╔══
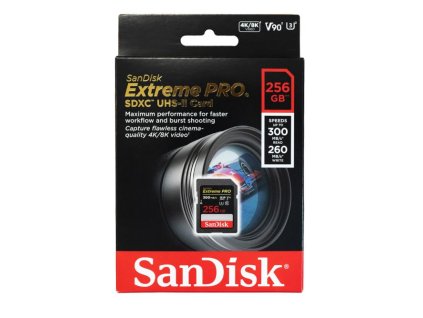SanDisk SDHC karta 256GB Extreme PRO (300 MB/s, Class 10, UHS-II U3 V90) SDSDXDK-256G-GN4IN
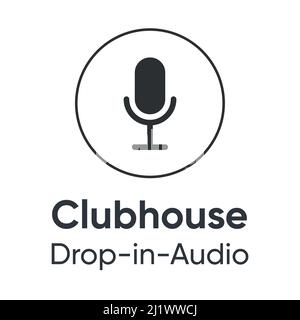 Icône microphone pour inviter dans Clubhouse. Silhouette noire sur fond blanc. Icône de microphone de diffusion. Illustration de Vecteur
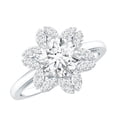thumbnail image 1 of Rosec Jewels - Certified Moissanite Floral Engagement Ring, Moissanite Ring with Halo for Women, 925 Sterling Silver, US 9.00, 1 of 8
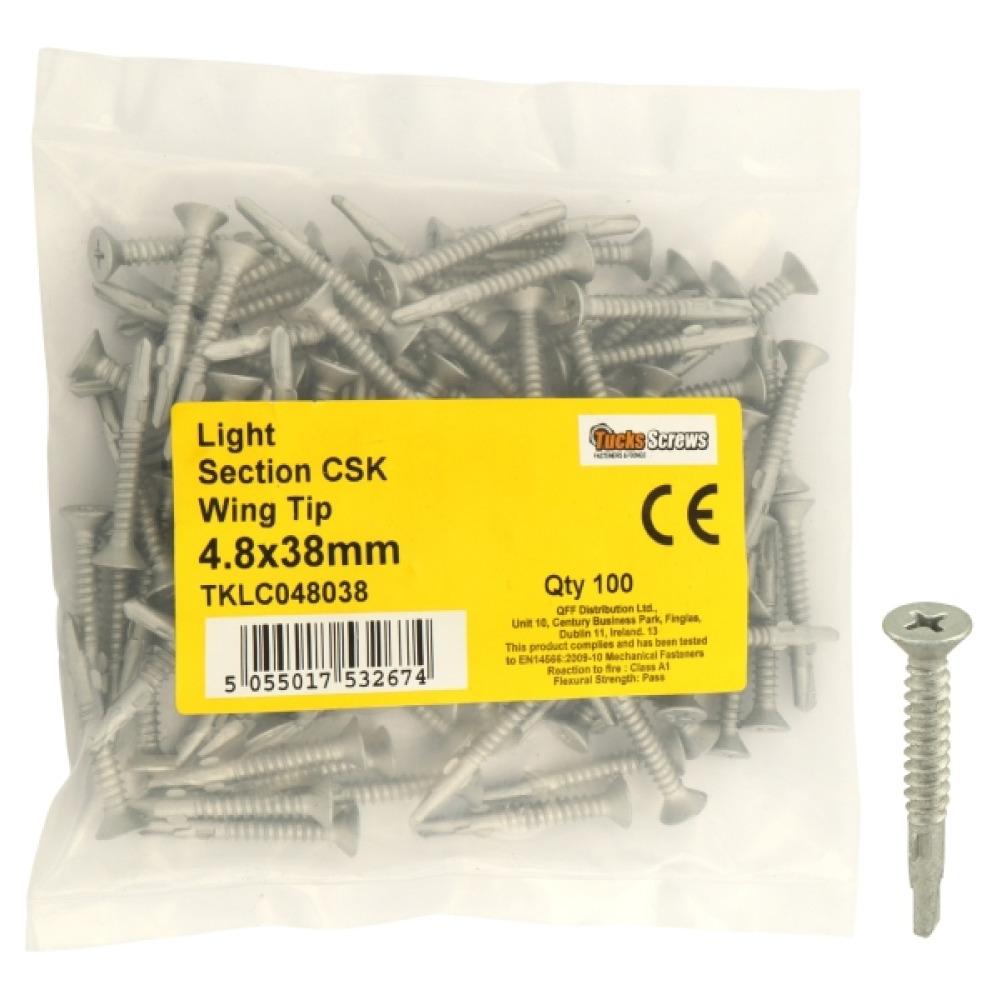 Tucks - Countersunk Wing Light Tek Self Driller 100Pce 5.5X50mm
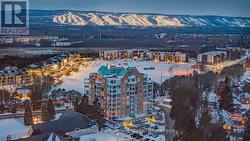 View of the ski hills at night - 
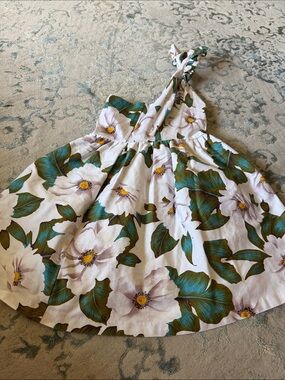 Backless Floral Sundress in White and Green made in USA.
╚══
Only an exact copy is needed: the lines from the opening of the listing through the line with "thumbnail image 1", both included, minus the pictures.

SanDisk SDHC karta 256GB Extreme PRO (300 MB/s, Class 10, UHS-II U3 V90) SDSDXDK-256G-GN4IN
 Icône microphone pour inviter dans Clubhouse. Silhouette noire sur fond blanc. Icône de microphone de diffusion. Illustration de Vecteur
thumbnail image 1 of Rosec Jewels - Certified Moissanite Floral Engagement Ring, Moissanite Ring with Halo for Women, 925 Sterling Silver, US 9.00, 1 of 8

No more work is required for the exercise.